After taking a World Orphans trip to Kenya, WO supporter Abby said she was struck by "the harsh reality" of poverty and abandonment. On her blog, she wrote:

"Boys will be boys. Amidst the garbage heap surrounding & engulfing this slum, these four boys are being boys.

They are little hams posing for the camera as a mzungu snaps their picture.

But the harsh reality is that these boys are not in school. It was a regular school day, but yet as we walked through the slums it was common to see school age children running around.

The harsh reality is seeing toddlers dig through these trash heaps. The harsh reality is that cattle also dig and eat from the garage and later are killed for dinner.

The harsh reality is behind the patched together metal walls people brew homemade liquors thinking that is how God is providing income (It isn't, trust me). The harsh reality is parents (both moms and dads) are abandoning their children.

As a result of that abandonment, children are vulnerable. Girls as young as 11 find themselves taken advantage of and often become pregnant or a slave to prostitution."

But in the midst of the devastation, Abby saw hope in a World Orphans home.

Abby wrote:

"The truth is we can make a difference. Western churches can make a difference. How? By partnering (or having a relationship with) an indigenous church across the globe.

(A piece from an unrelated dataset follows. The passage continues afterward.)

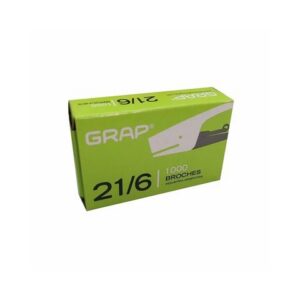 BROCHES 21/6 x 1000 UNIDADES-735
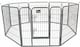 image 4 of Actiaspet Heavy Duty 8 Panel Pet & Small Animal Playpen Run Metal Folding Cage (Silver, Medium, 8)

Indigenous churches around the world are caring for orphans in slum & impoverished communities, often with little to no resources.

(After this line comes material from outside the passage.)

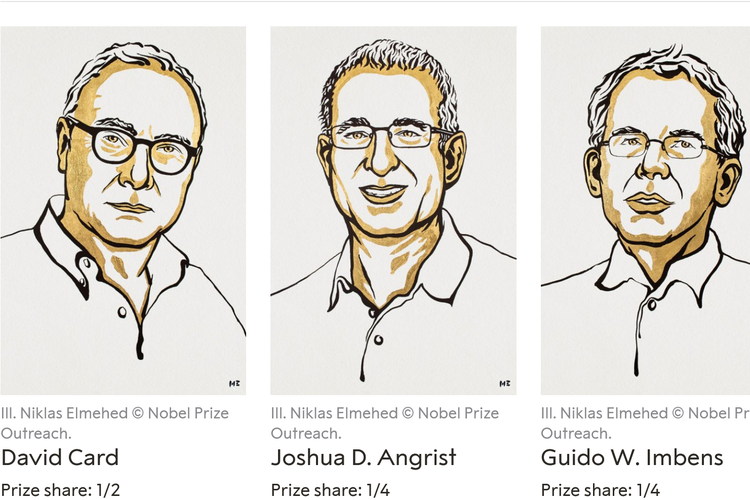 Tiga ekonom Amerika Serikat raih Hadiah Nobel Ekonomi 2021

They are providing home based care to keep kids united with families, providing small family like homes for the most vulnerable children, providing feeding programs, providing care, support, and micro finance loans to widows and families whom are HIV+.

How it works is pretty simple. The organization, World Orphans, facilitates relationships between Western churches and indigenous churches.

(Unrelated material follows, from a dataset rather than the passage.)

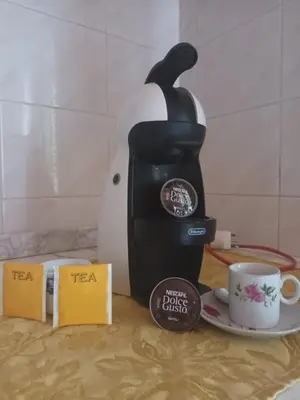 Set per la preparazione di tè e caffè presso Casa vacanze Siniscola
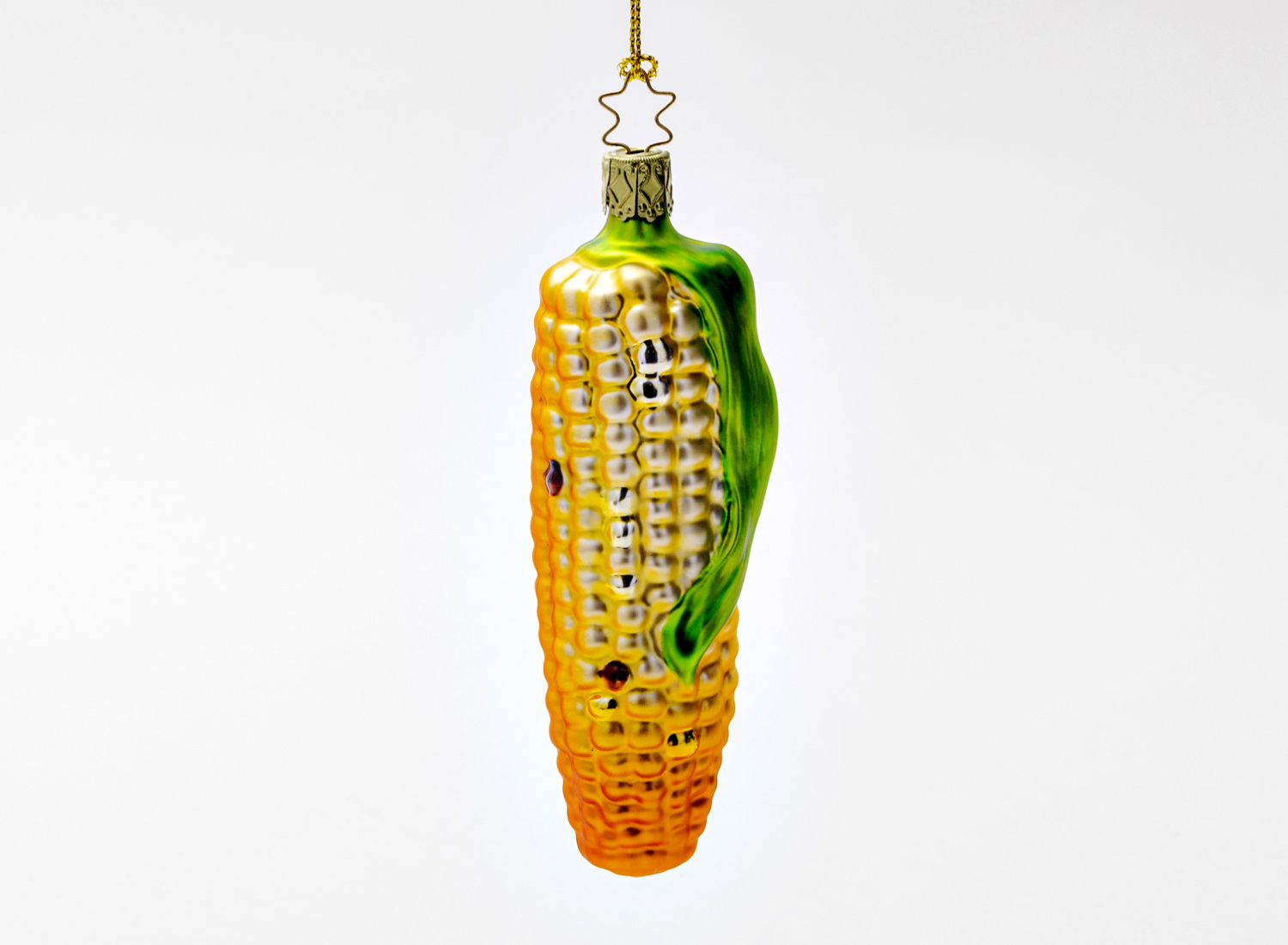 Елочная игрушка «Кукуруза» Стекло. 43 x 135 мм.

Western churches provide financial support for orphan homes or home based care (via World Orphans) with the goal to become self-sustaining, thus eliminating an atmosphere of dependence on the Western Church. The Western Church also visits the church partner, serving alongside them in ministry. Both are mutually edified.

From my own personal experience I can say that I came away from these trips encouraged to be more involved in my own community (future blog post answering the question "Well what about the poor here in the US?). I learned so much about sacrificial living from the people that I served with in Kenya.

There is hope. We can't do everything, but we can do something. Multiply people & churches doing *something* breaks the orphan cycle, the number of orphans decrease, communities, churches, and lives are changed. And you just might find yourself changed in the process.

You have one life. Do something."

Though this WO home in Kenya is fully funded, there are a number of children's homes around the world that still need financial support.